Quando entri in questo incubo, ai tuoi occhi appare tutto velato, semplice,
facile, ma non è così. Si ha la stessa dipendenza che un altro può avere con
le droghe. E quando si avverte il bisogno di mangiare e sai che non puoi
farlo, perché lì con te c'è qualcuno, perché ormai i genitori stanno per
tornare, e per tanti altri motivi, allora comincia una vera e propria
agonia le mani sudano, il cuore assume ritmi da tachicardia, fuoriesce
l'astio che si ha dentro, l'ansia, il dolore, la cattiveria, l'impulsività è
come una crisi di astinenza, proprio come un drogato che cerca di
disintossicarsi.
In giro si sentono tante persone che sono state in questa mia situazione per
anni, anche otto o nove, e quando ci penso mi si "rizzano" tutti i peli. Il
solo pensiero che la mia sofferenza potrà protrarsi per così tanto tempo mi
crea un muro in cui vado a battere la testa. Per me non è passato nemmeno un
anno, e sto di merda. Pensa un po' loro.
Quando si è anoressici cambiano anche le cose più futili, cambia l'amore, il
modo di vedere ed interpretare la vita, cambiano i propri pensieri ed
aspettative, cambia il modo di essere e di non essere. O per lo  meno questo
è successo a me.
Tante volte mi pongo interrogativi la cui risposta rimane incerta, vaga,
vana. Mi chiedo ad esempio ora cosa sia l'amore per me... uno stimolo, uno
spiraglio di luce, una speranza? Non lo so, prima per me era tutto. Era come
un'aurora boreale, era ciò in cui mi rifugiavo nei momenti tremendi ma anche
in quelli migliori, anche perché è proprio grazie ad esso che ho vissuto i
momenti più belli ma anche quelli più brutti della mia vita. Ora che sono
anoressica, il mio ragazzo non mi ha abbandonata, ma non riesce a capire il
perché delle mie abbuffate, del mio vomito, del mio  atteggiamento astioso.
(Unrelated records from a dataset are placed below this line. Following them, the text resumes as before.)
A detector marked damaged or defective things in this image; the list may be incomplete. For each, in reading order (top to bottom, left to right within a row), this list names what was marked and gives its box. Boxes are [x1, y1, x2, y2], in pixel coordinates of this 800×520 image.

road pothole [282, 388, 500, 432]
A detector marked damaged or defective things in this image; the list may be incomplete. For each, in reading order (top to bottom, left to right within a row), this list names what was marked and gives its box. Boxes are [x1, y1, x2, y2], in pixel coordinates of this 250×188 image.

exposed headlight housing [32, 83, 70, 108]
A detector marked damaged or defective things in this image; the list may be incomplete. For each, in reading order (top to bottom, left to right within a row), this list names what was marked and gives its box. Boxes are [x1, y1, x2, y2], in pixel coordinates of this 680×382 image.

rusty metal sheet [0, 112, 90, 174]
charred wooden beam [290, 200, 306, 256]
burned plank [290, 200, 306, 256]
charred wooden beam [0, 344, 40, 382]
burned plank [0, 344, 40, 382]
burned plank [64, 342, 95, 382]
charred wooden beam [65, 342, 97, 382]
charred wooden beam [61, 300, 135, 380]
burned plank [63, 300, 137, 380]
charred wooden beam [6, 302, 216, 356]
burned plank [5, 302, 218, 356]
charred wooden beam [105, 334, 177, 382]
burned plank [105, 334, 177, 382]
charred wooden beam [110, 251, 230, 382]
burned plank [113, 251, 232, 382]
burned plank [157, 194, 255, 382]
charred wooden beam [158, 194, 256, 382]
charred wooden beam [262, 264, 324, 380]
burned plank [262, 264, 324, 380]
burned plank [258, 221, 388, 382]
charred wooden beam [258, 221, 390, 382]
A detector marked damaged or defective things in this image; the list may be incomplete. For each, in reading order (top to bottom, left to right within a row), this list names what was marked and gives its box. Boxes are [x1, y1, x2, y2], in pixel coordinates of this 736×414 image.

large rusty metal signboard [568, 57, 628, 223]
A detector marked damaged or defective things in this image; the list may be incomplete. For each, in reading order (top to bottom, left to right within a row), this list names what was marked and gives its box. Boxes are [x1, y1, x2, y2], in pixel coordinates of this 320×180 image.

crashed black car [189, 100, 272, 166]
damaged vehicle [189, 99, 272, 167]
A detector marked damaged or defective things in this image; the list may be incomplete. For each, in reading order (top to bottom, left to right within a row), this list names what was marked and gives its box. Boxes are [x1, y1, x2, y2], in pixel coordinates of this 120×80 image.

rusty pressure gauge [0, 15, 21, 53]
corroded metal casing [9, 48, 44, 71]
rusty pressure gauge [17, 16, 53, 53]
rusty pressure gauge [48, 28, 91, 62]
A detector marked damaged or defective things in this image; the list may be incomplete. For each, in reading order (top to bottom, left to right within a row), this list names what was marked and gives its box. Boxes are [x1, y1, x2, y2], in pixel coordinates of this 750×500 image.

Non riesce a capire perché non è più lui al primo posto della piramide della
mia vita. Abbiamo pianto insieme, litigato e fatto pace, abbiamo parlato
della malattia, di me, di come si sente lui, ma non riesce a capire. E
questo, secondo me, non perché lui sia stupido, bada bene, ma perché se non
ci sei dentro, se no la vivi in prima persona, se non è la tua pelle
l'anoressia non la puoi capire. Come tante altre cose del resto. E dunque
non gli faccio una colpa se continua a rimproverarmi perché mi abbuffo. A
lui come a tutti quelli che non riescono a comprendermi.
L'anoressia, così come la bulimia o milioni di altre cose al mondo, è una
cosa veramente orrenda. Ti svuota, ti sfinisce, ti rende inerte, apatico,
svogliato, è un tuono incessante nelle membra del cervello. Ciò che io ho
ancora voglia di fare è lo sport, ma purtroppo mi vietano di farlo. Ecco,
una delle poche cose che hai ancora voglia di fare non hai il permesso di
farle. Lo stesso vale per lo shopping, dato che su consiglio della
psichiatra mi è stato tolto il bancomat. E' purtroppo una dura lotta contro
te stessa, contro il cibo, contro chi ti giudica contro tutto e tutti. Ti
dicono che non sei sola, ma in fondo lo sei. Si, non sono i familiari, il
ragazzo, la psichiatra o la dietista che devono prendersi a pugni per non
abbuffarsi o per mangiare decentemente a pranzo o a cena, sono io,
l'imbecille ventenne che deve farlo. Io e nessun altro. Per questo prima ho
detto che è una dura lotta contro se stessi.